The targeting of El Aissami is part of the Unites States’ “regime change” policy toward Venezuela that goes back nearly two decades. It began shortly after the late President Hugo Chavez was first elected in 1998. As always, the international media’s collaboration with U.S. government objectives is crucial.
In March of 2015, the Obama administration declared Venezuela to be an “extraordinary threat to the national security of the United States.” The U.S. media was truly impressive in the way it maintained a serious tone when reporting that utter lunacy: “a formality required by law in order to carry out sanctions” the New York Times soberly assured its readers. Reflecting and reinforcing U.S. policy, hysterical opponents of Hugo Chavez (and Venezuela’s current president Nicolas Maduro) have long made the international media like the New York Times their stomping ground.

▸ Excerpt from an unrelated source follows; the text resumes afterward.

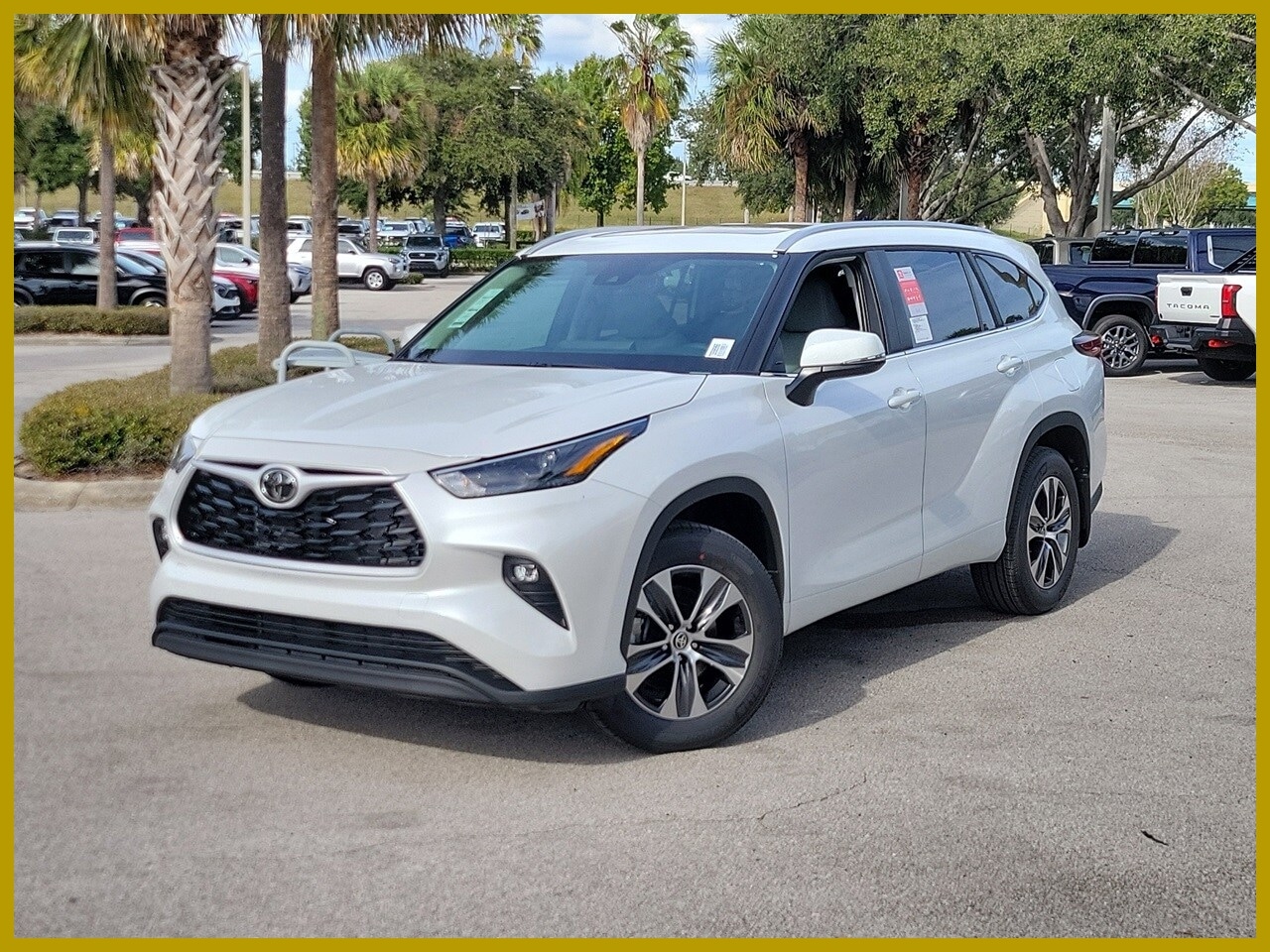 2026 Toyota Highlander XLE's photo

Moises Naim, in an op-ed the New York Times ran in March of 2003, said that the Venezuelan government under Chavez was “a threat not just to its neighbors but to the United States and even Europe.“ Naim was a member of the government that perpetrated the infamous Caracazo massacre in 1989, a decade before Chavez first took office. Recently, the western media has falsely depicted Naim as a victim of censorship because broadcasters in Venezuela (where according to an opposition-aligned pollster Chavez remains very popular) passed on a TV series Naim wrote about the life of Chavez. The series has been getting poor ratings in Colombia despite being “heavily promoted” there, according to the Miami Herald.

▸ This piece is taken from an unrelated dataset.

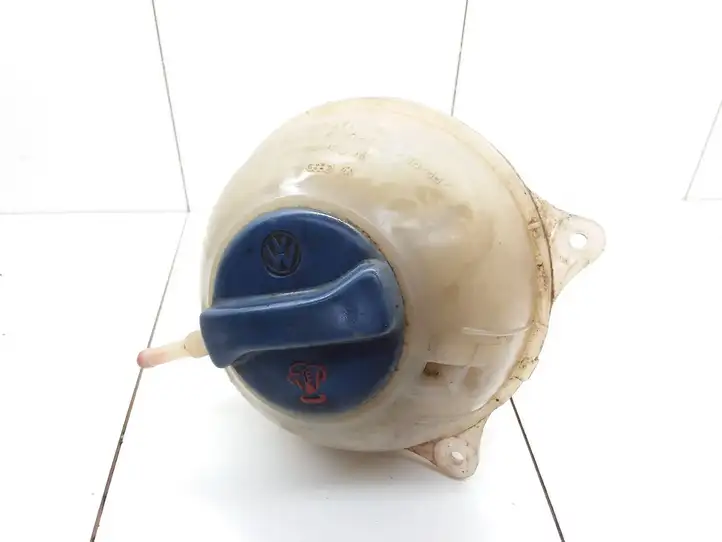 Volkswagen Polo III 6N 6N2 6NF (1994 - 2001) 1H0121407 Расширительный бачок — фото 1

Since 1998, in all national level elections, 41-63 percent of the Venezuelan public has voted Chavista. The low point was the December 2015 elections when 41 percent voted for the government in the legislative elections. Nothing like 40 percent, or even 4 percent, of the international media’s coverage, has ever come from a Chavista perspective. The “left leaning” Guardian in the U.K., which is about as liberal as a major western outlet can get, was about 85 percent hostile toward Chavismo from 2006-2012. Venezuelans like Naim may fail at TV drama, but they’ve been wildly successful at propaganda outside Venezuela where their perspective has always dominated.

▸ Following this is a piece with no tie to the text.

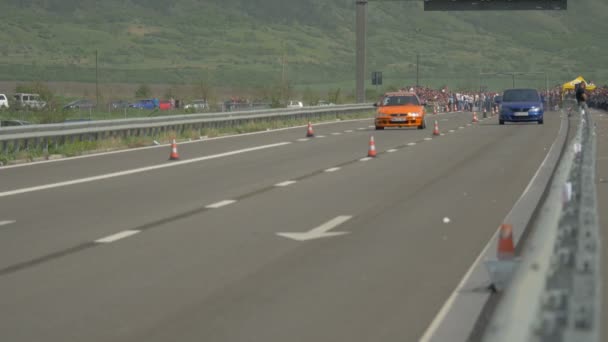 Coches Carreras Una Carretera — Vídeo de stock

This Reuters article is far from being the worst example of how the media has responded to the sanctioning of El Aissami. Venezuelan officials are quoted by Reuters denying the allegations. Over the years, journalists have actually told me that this is how they provide “balance” in their articles: by including quotes from a government that has been relentlessly lied about and demonized in the western media. Hugo Chavez, who decisively won clean elections with very high turnout against opponents with ample media support in Venezuela, was dismissed by Bernie Sanders as a “dead communist dictator.” That tells you how well most western media consumers are equipped to evaluate statements by the Venezuelan government.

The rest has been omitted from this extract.